IIIa: (23) Eliyahu TOOK the boy AND BROUGHT HIM DOWN FROM THE
ATTIC to the house
IIa: AND GAVE HIM TO HIS MOTHER, and Eliyahu SAID: See, YOUR
Ia: (24) THE WOMAN SAID TO ELIYAHU: Now I know that you are A MAN OF GOD, and
God's word in your mouth is truth."
This symmetrical structure addresses four contrasting pairs:
I: the woman's complaint to Eliyahu at the beginning of the
unit, while holding her dead son, and correspondingly her words to him at the
end of the unit, expressing her new appreciation for him after her son is
returned to her alive.
II: Eliyahu's words to the woman while she is still holding her
dead son ("Give me your son"), and correspondingly his words to her when he
returns her son alive ("See your son lives!") The root
"n-t-n" (to give) has a diametrically opposite meaning in
these two places: "GIVE ME your (dead) son" as opposed to "HE GAVE HIM (alive)
to his mother."
III: Eliyahu's actions leading up to the resurrection of the
boy, and correspondingly - his actions leading up to returning him to his
mother: "HE TOOK HIM (dead) from her bosom," "Eliyahu TOOK the boy (alive, from
the bed)," "HE BROUGHT HIM UP (dead) to the attic," "HE TOOK HIM DOWN (alive)
from the attic."
IV: Eliyahu's first call to God, which was not answered, and
correspondingly the second call, which is answered (both introduced with the
same words: "He called to God saying: Lord my God
What does our discovery of this symmetrical structure add to
what we already know about the structure of our unit?
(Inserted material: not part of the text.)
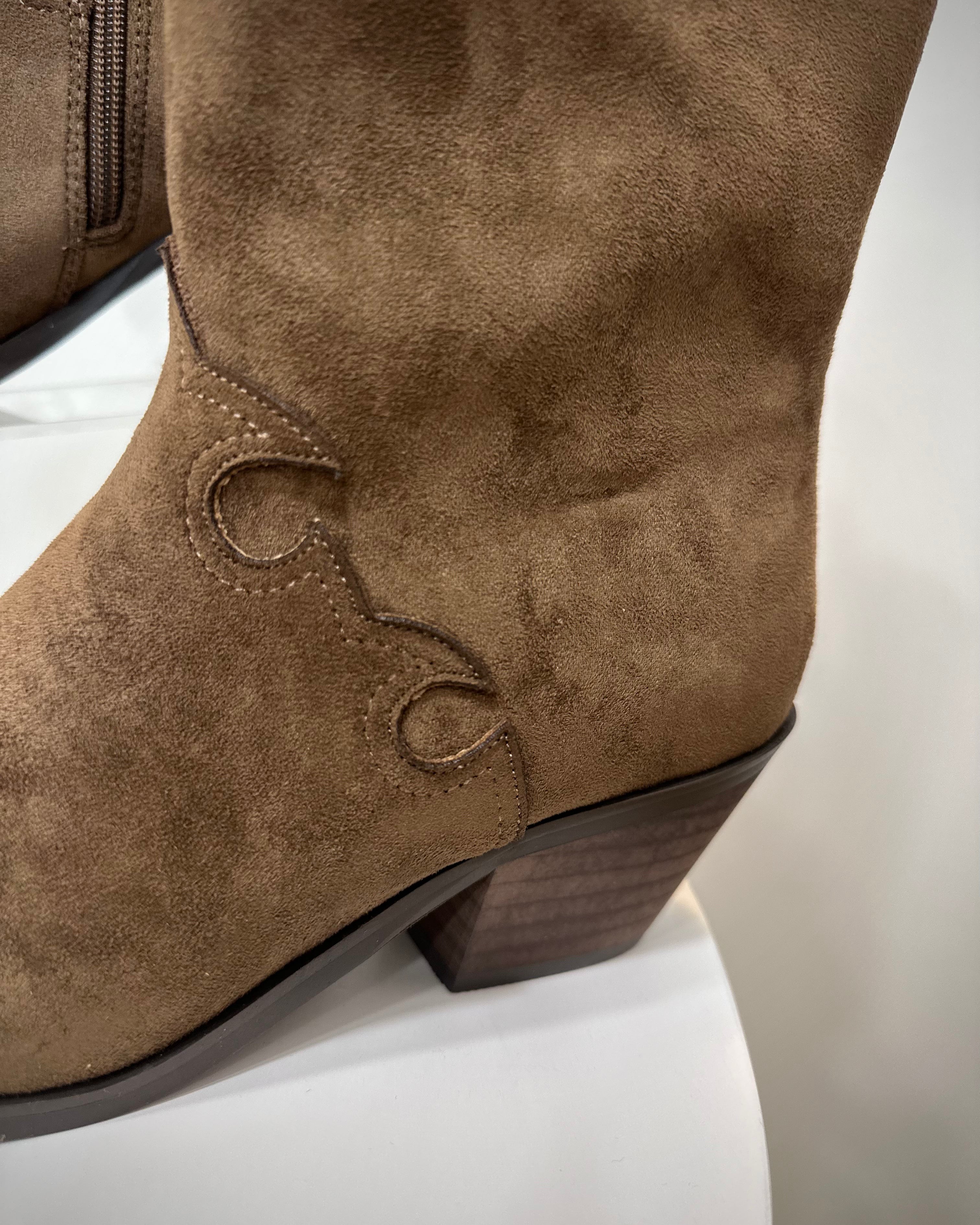 Détail couture western ton sur ton bottines santiags Monique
It highlights the inverse
order of the events in the second half as compared to the first half. The crises
that appear in the first half of our unit are gradually repaired and solved in
the second unit in the wake of the change that takes place within Eliyahu
himself but in inverse order. When the crises appear, they are ordered from
the most innocuous to the most grave from the crisis in Eliyahu's relations
with the widow to the crisis in his relations with God, Who refuses to accept
his first call. The second half, with the solutions, is ordered from the most
significant down to the least significant: first there is a repairing of the
severe rift between the prophet and God, Who now accepts his prayer and answers
him. As a result, even the painful lack of confidence that the widow expresses
towards Eliyahu is now repaired; it is replaced with a clear declaration of
Another significant contribution offered by the structure of
the unit as we have presented it above is the highlighting of the central axis,
giving it extra importance. We discover, then, that the five words (in Hebrew)
"He stretched out over the boy three times" represent the climax of this unit.
Why is this so? Because this phrase, by its very appearance, testifies to the
dramatic change that has taken place in Eliyahu's approach. This change is the
key to the whole turnaround that unfolds in the second half of the unit - as we
have also explained in previous sections.